Celibacy in This Generation

I’m not writing this to gain empathy or seek advice, but simply because I want to know if there are other people who have had similar experiences and eventually found the love they deserve. I’ve been a lover girl my entire life—I love love—but I have never gotten the love I want. Money has never been a deciding factor in my relationships because I am fully independent and never cared about a man’s money. In fact, I don’t even know what it feels like to receive money from a boyfriend because my luck always lands me with guys who have no business giving a woman money. As a teenager, my dad provided all my needs, and as an adult, I provide for myself. So, I have always dated with my heart. One of the saddest things I experience is that I get approached a lot for h00kups. I’m naturally curvy and also an active gym girl, so I have a very pronounced shape. I don’t lack toasters, but they always come for the wrong reasons.

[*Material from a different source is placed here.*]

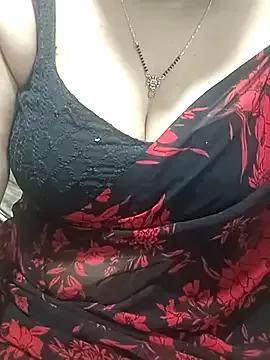 Photos of Anu__Reddy from StripChat is Private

I dress cute and clean but never seductively, so I don’t know why they always assume I’m into hookups. Self-love and self-respect are things I have in large quantities, so I don’t condone bad behavior. In November 2023, I prayed to God about this and felt a strong desire to become celibate. I figured that would help me weed out people with the wrong intentions, so I did. Early in 2024, I tried dating, but once I mentioned celibacy, they vanished. So, at some point, I stopped trying and started focusing on myself and God. I spent my entire 2024 single and abstaining. I’m super proud of myself, but it just dawned on me that I might also end 2025 single. I can’t bring myself to start having sex just because I want a partner. I don’t just want a boyfriend—I want real and genuine commitment, which seems impossible in this generation. Has anyone else experienced this and still found their soulmate in the end?